F. DISSOLUTION: Coopers shall continue to exist until dissolved by a vote of three-fourths (¾) of all members present at a special meeting called for the purpose. Written notice of the special meeting to consider dissolution shall be given to all current members at least thirty (30) days in advance of said meeting. Quorum for such meeting must be at least fifty percent (50%) of the active membership at the time such meeting is called. Upon dissolution all remaining assets of Coopers will be transferred to its successor fan/booster club or donated for the advancement of the mission of Coopers, or for any other purpose that is approved by a majority of members.

Article II

ARTICLE II: MEMBERSHIP

A. ELIGIBILITY: Membership in the Coopers shall be extended to any person regardless of age, sex, race, national origin, or religion. Membership may or may not include voting privileges, depending on classification of the membership. Membership will be contingent upon complying with the requirements set forth in these bylaws including, but not limited to, payments of annual dues and continuing adherence to all rules and regulations as set forth in these bylaws.

B. MEMBERSHIP:

1. Honorary: An Honorary membership should be extended to those who significantly contribute to the Mission of The Coopers. Honorary members do not have voting privileges and cannot hold an elected office. These members shall be approved by a simple majority board vote of the board. These members shall be invited to quarterly members meetings, and be acknowledged for their contributions with a declaration of honorary membership, and a scarf.

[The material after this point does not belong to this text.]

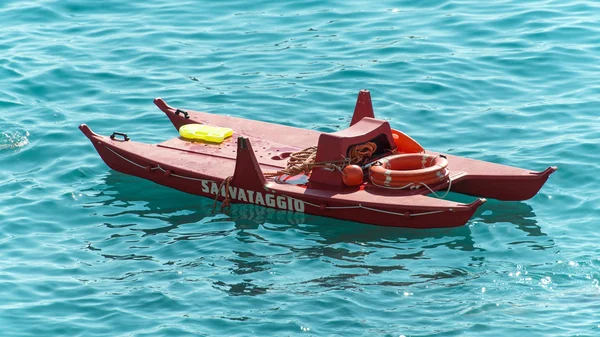 水の中の赤い救命ボート — ストック写真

2. General Membership: General membership shall be open to anyone regardless of age. Voting rights as an elected officer of the Board shall be restricted to those over the age of 21. Each individual member, over 18, shall be entitled to one vote in any matter or question before the active membership of Coopers.

C. APPLICATION: Application for membership in Coopers shall be made in writing or online. All membership applications, mailing lists, and all other lists of member’s names, addresses, phone numbers, and any other information contained on the membership application, will be held in strictest confidence, and will be maintained by the Secretary with dues being submitted to the Treasurer.

D. PRIVILEGES: Privileges of active membership in Coopers shall include, but not be limited to, voting, election to office, appointment to a position deemed necessary by any Coopers officer, and receiving the Coopers electronic newsletter.

E. DUES: Membership dues shall be determined annually by the Board of Directors and approved by the General Membership at the December General Meeting. Notice of any action taken by the Coopers with respect to dues and assessments shall be sent to members promptly. Dues shall be for a period of one year commencing January 1 and ending December 31.

Article III

ARTICLE III: BOARD OF DIRECTORS

A. DEFINITION: The Board of Directors shall consist of the officers of the Coopers (i.e. President, Vice President, Treasurer, and Secretary) and six members at large.

1. The term of office for members of the Board of Directors is one year with a maximum of three consecutive years in any one position.
2. Board members elected at mid-term elections will also serve one year. Mid-term elections will be established to either revalidate the board member elected at the mid-term election, fill a vacancy caused by natural attrition, or to elect a new board member to the position.
3. When practical, elections will be held via internet voting in order to allow all members an opportunity to vote (See Article VI: ELECTIONS)

B. POWERS AND DUTIES: The Board of Directors shall supervise the affairs of Coopers. Each officer, excluding the President, will serve as an ex-officio member of a committee designated by the Board of Directors at any meeting.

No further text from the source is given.